Téhéran dément ces accusations et invite plutôt les Etats-Unis à retirer leurs troupes d'Irak, en jugeant que leur présence nourrit le cycle de violences entre la majorité chiite et la minorité sunnite, autrefois au pouvoir sous Saddam Hussein.

Avant le début de cette rencontre dans la "zone verte" de Bagdad, secteur fortifié abritant les principales institutions irakiennes et représentations diplomatiques étrangères, Maliki a prévenu que son pays ne servirait pas de base de lancement d'une offensive militaire contre l'un de ses voisins. Ces propos constituaient apparemment une allusion aux craintes iraniennes d'une attaque des Etats-Unis, qui sont intervenus en Irak en mars 2003 pour chasser Saddam Hussein du pouvoir.

Crocker et Kazemi-Qomi se sont rencontrés dans les bureaux du Premier ministre. Ils ont échangé une poignée de mains avant de s'asseoir l'un en face de l'autre autour de la même table.

Si des responsables de niveau intermédiaire des deux pays se sont parfois rencontrés par le passé, cette rencontre marque toutefois une rupture avec la volonté américaine d'isolement de l'Iran.

Les Etats-Unis ont rompu leurs relations diplomatiques avec l'Iran en 1980 en pleine crise des otages de l'ambassade américaine à Téhéran.

Les deux pays sont en outre engagés dans un autre bras de fer autour du programme nucléaire iranien, que Washington soupçonne de dissimuler un volet militaire. Téhéran dément.

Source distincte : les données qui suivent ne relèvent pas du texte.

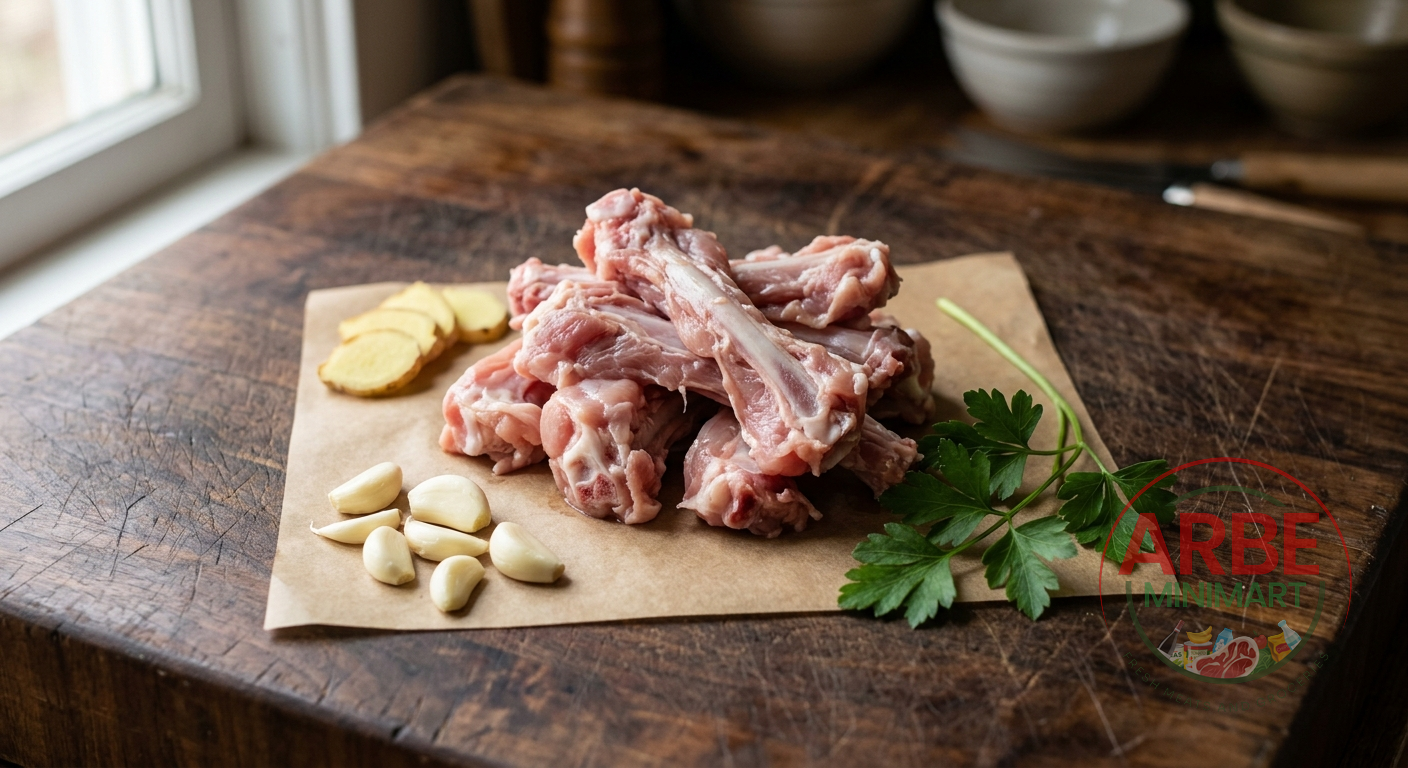 Fresh Chicken Backbone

Ce dossier n'a pas été abordé lundi à Bagdad.

Signe de la tension permanente entre les Etats-Unis et l'Iran, la marine américaine est engagée dans des manoeuvres militaires dans les eaux du Golfe tandis que Téhéran a annoncé samedi le démantèlement sur son territoire d'un réseau d'espions américains et occidentaux.